EDIT: Thanks user938949's suggestions, I got a working answer and I am sharing it for posterity.
If you are using zeromq >= 3.0, then you can set the RCVTIMEO socket option:
client_receiver.RCVTIMEO = 1000 # in milliseconds
But in general, you can use pollers:
poller = zmq.Poller()
poller.register(client_receiver, zmq.POLLIN) # POLLIN for recv, POLLOUT for send
And poller.poll() takes a timeout:
evts = poller.poll(1000) # wait *up to* one second for a message to arrive.
evts will be an empty list if there is nothing to receive.
You can poll with zmq.POLLOUT, to check if a send will succeed.
Or, to handle the case of a peer that might have failed, a:
worker.send(msg, zmq.NOBLOCK)
might suffice, which will always return immediately - raising a ZMQError(zmq.EAGAIN) if the send could not complete.
This was a quick hack I made after I referred user938949's answer and http://taotetek.wordpress.com/2011/02/02/python-multiprocessing-with-zeromq/ . If you do better, please post your answer, I will recommend your answer.
For those wanting lasting solutions on reliability, refer http://zguide.zeromq.org/page:all#toc64
Version 3.0 of zeromq (beta ATM) supports timeout in ZMQ_RCVTIMEO and ZMQ_SNDTIMEO. http://api.zeromq.org/3-0:zmq-setsockopt
Server
The zmq.NOBLOCK ensures that when a client does not exist, the send() does not block.
import time
import zmq
context = zmq.Context()
ventilator_send = context.socket(zmq.PUSH)
ventilator_send.bind("tcp://127.0.0.1:5557")
i=0
while True:
i=i+1
time.sleep(0.5)
print ">>sending message ",i
try:
ventilator_send.send(repr(i),zmq.NOBLOCK)
print " succeed"
except:
print " failed"
Client
The poller object can listen in on many recieving sockets (see the "Python Multiprocessing with ZeroMQ" linked above.

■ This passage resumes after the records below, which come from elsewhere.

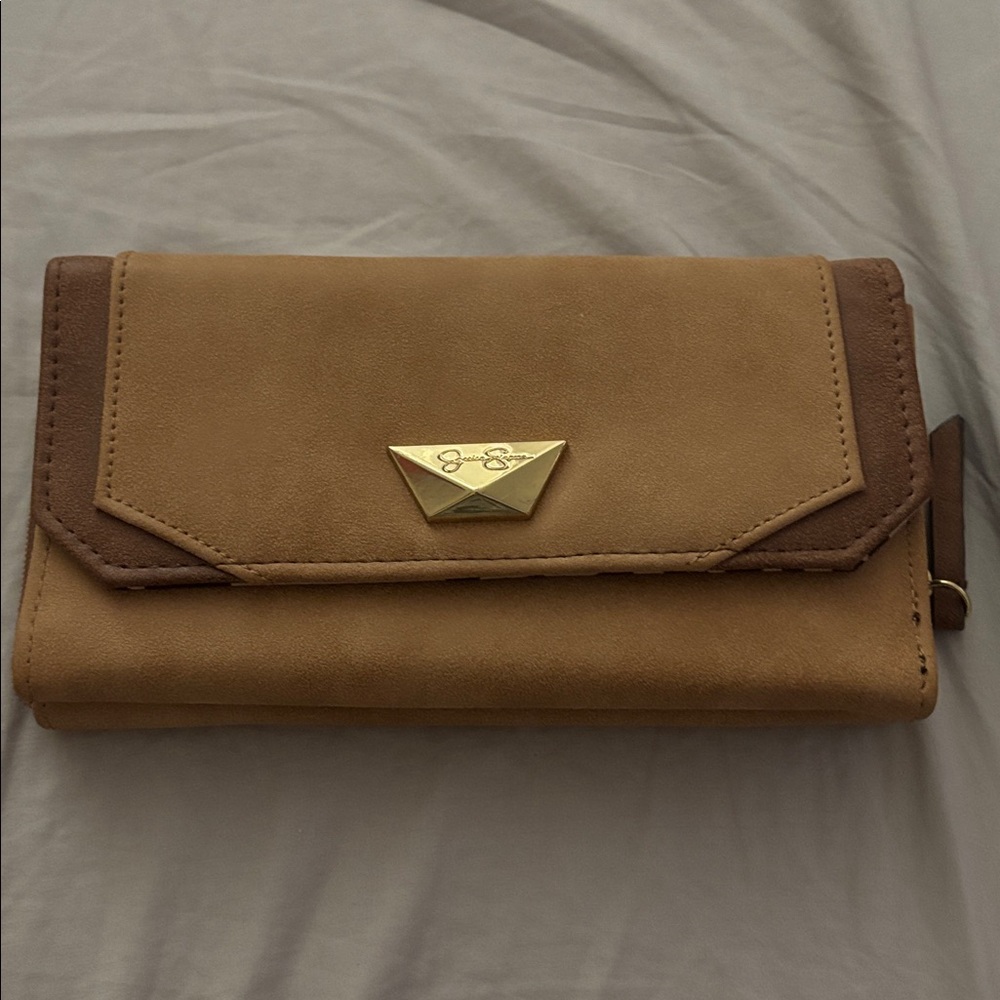 Jessica Simpson Wallet Perfect For Fall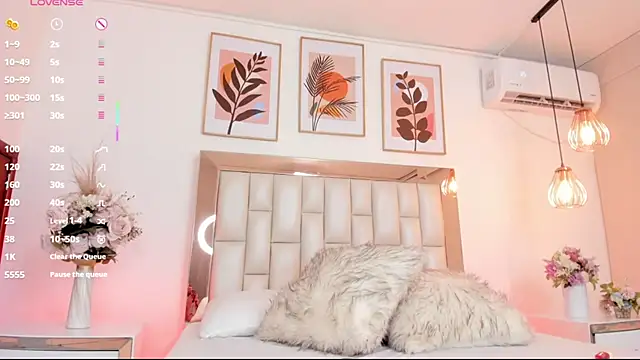 Snapshot of Kim_miller4 chatting on January 24, 10:51 pm Kim miller4 online show from January 24, 10:51 pm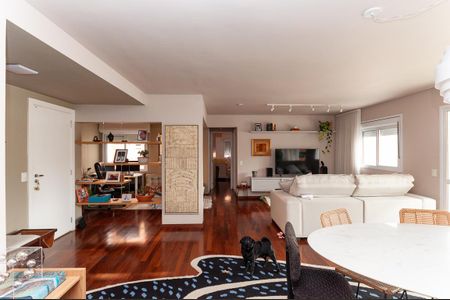 Apartamento à venda com 132m², 2 quartos e 2 vagasSala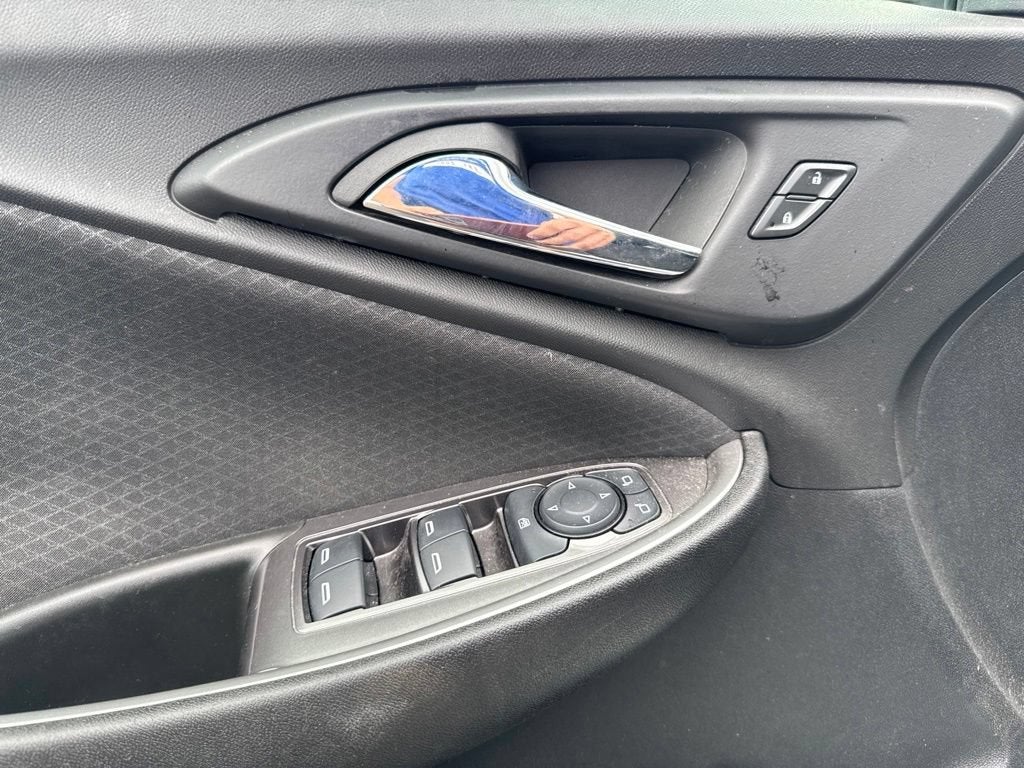 2022 Chevrolet Malibu LS
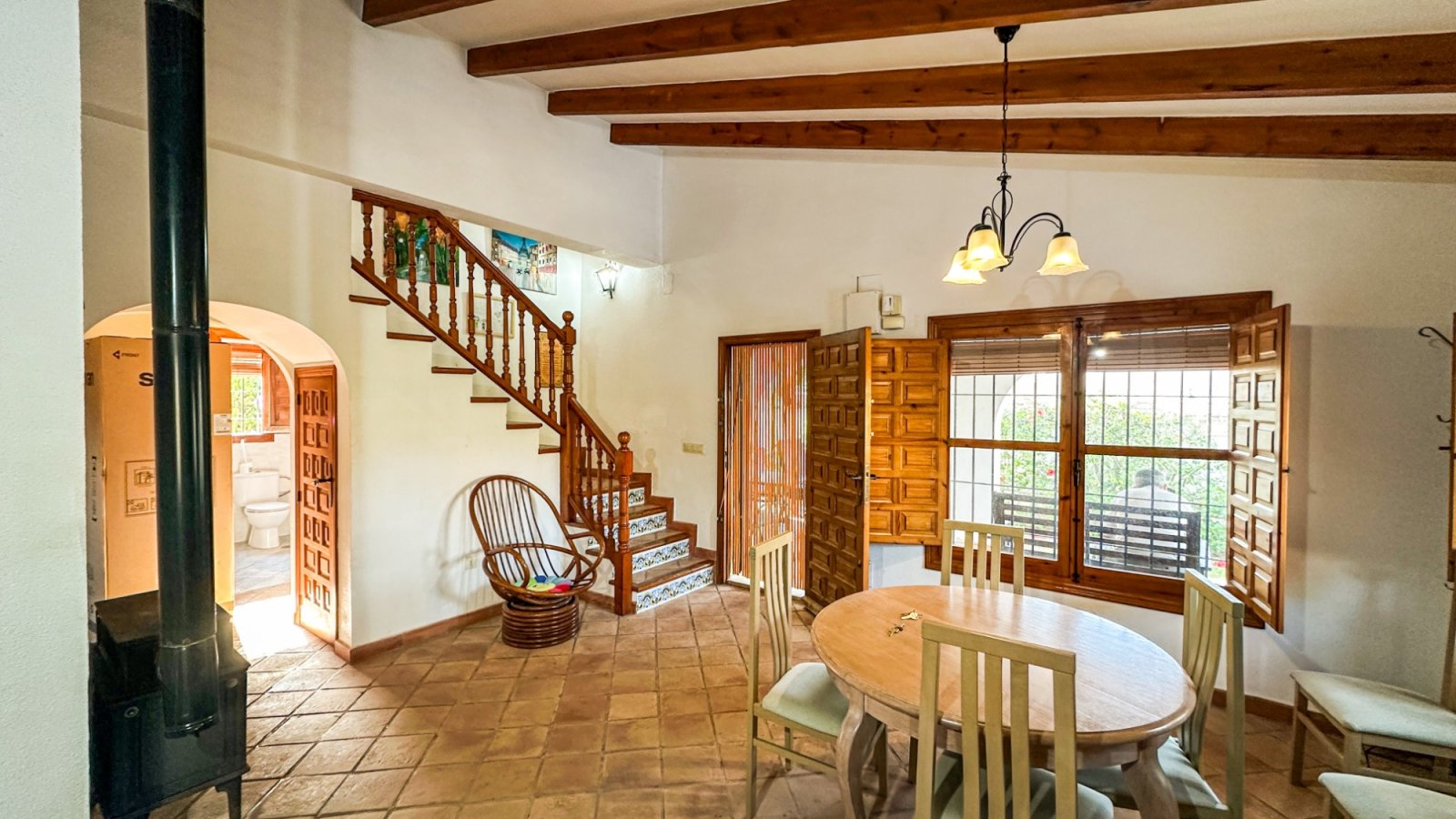  Wir präsentieren Ihnen diese einzigartige Villa im mediterranen Stil in Cabo Roig, einer der begehrtesten Gegenden der südlichen Costa Blanca und der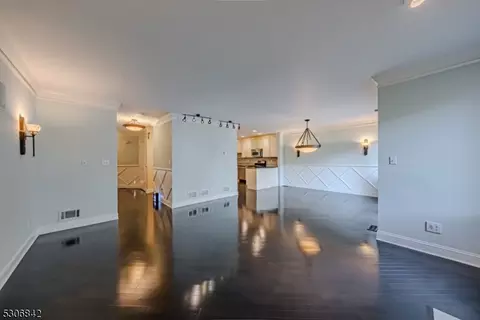 78 Eggers Ct, Summit, NJ 07901 photo 6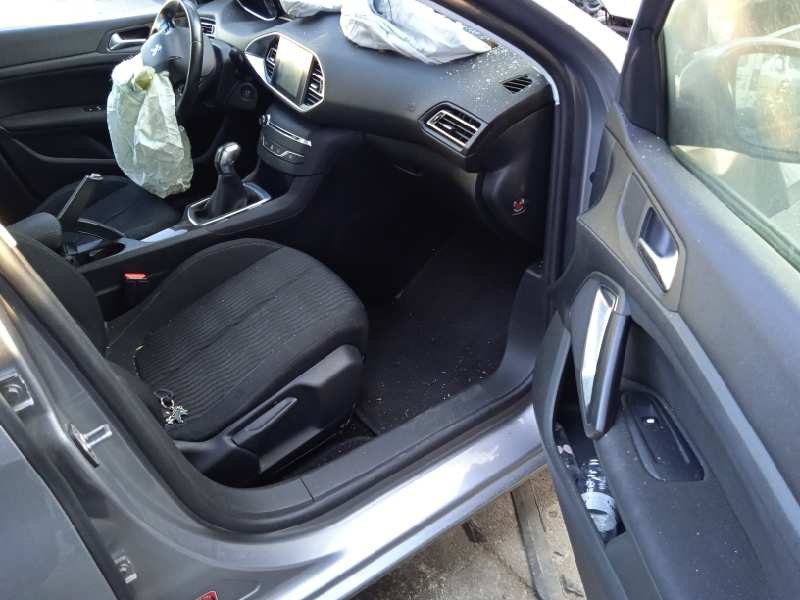 peugeot 308 del año 2013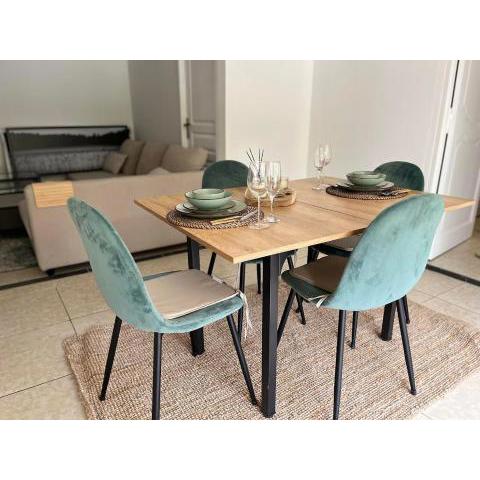 Sous le balcon de Mimishe, en Provence Verte, centre VAR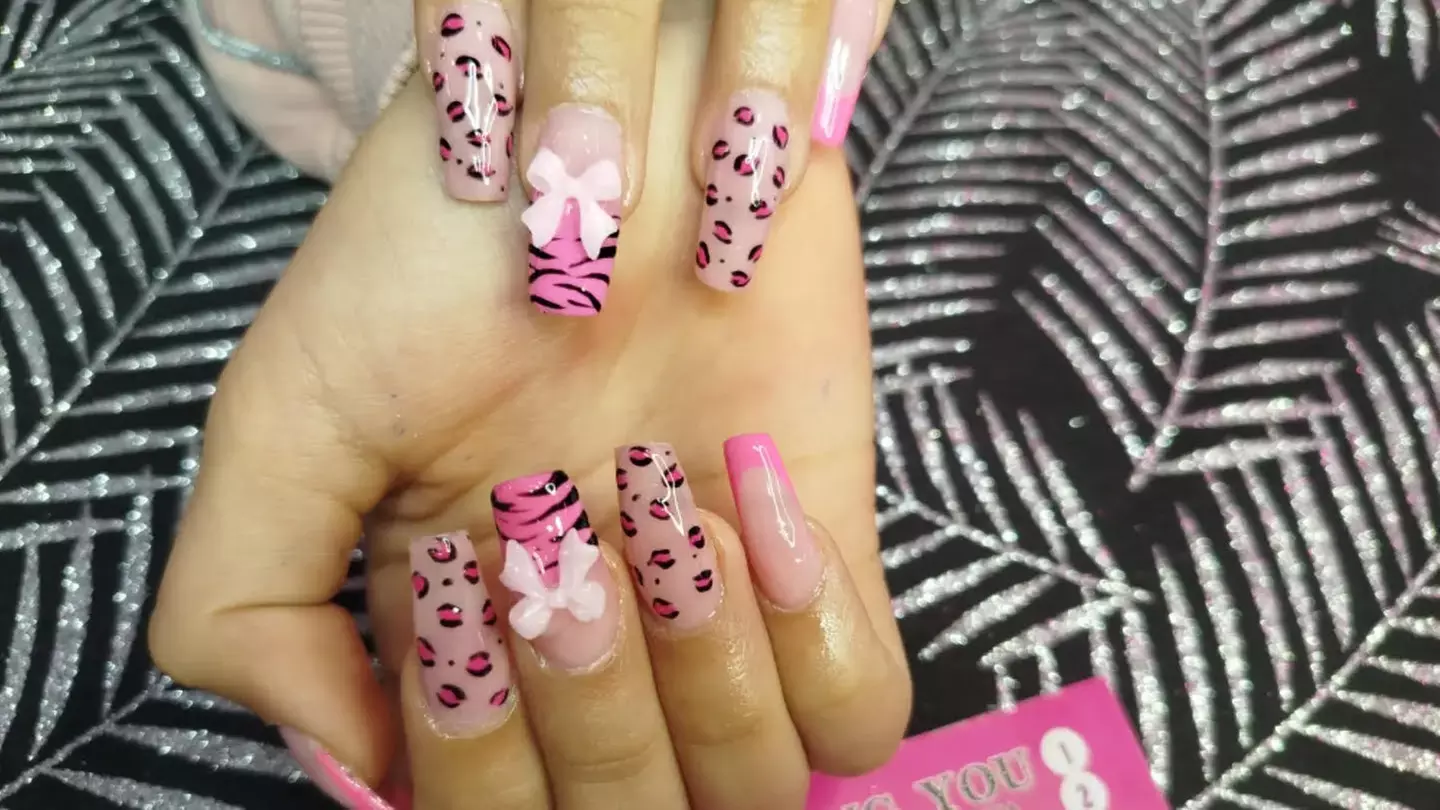 Manicura o pedicura semipermanente, gel o acrílicas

I linked it only on work_receiver. In the infinite loop, the client polls with an interval of 1000ms. The socks object returns empty if no message has been recieved in that time.
import time
import zmq
context = zmq.Context()
work_receiver = context.socket(zmq.PULL)
work_receiver.connect("tcp://127.0.0.1:5557")
poller = zmq.Poller()
poller.register(work_receiver, zmq.POLLIN)
# Loop and accept messages from both channels, acting accordingly
while True:
socks = dict(poller.poll(1000))
if socks:
if socks.get(work_receiver) == zmq.POLLIN:
print "got message ",work_receiver.recv(zmq.NOBLOCK)
else:
print "error: message timeout"
The send wont block if you use ZMQ_NOBLOCK, but if you try closing the socket and context, this step would block the program from exiting..
The reason is that the socket waits for any peer so that the outgoing messages are ensured to get queued.. To close the socket immediately and flush the outgoing messages from the buffer, use ZMQ_LINGER and set it to 0..
If you're only waiting for one socket, rather than create a Poller, you can do this:
if work_receiver.poll(1000, zmq.POLLIN):
print "got message ",work_receiver.recv(zmq.NOBLOCK)
else:
print "error: message timeout"
You can use this if your timeout changes depending on the situation, instead of setting work_receiver.RCVTIMEO.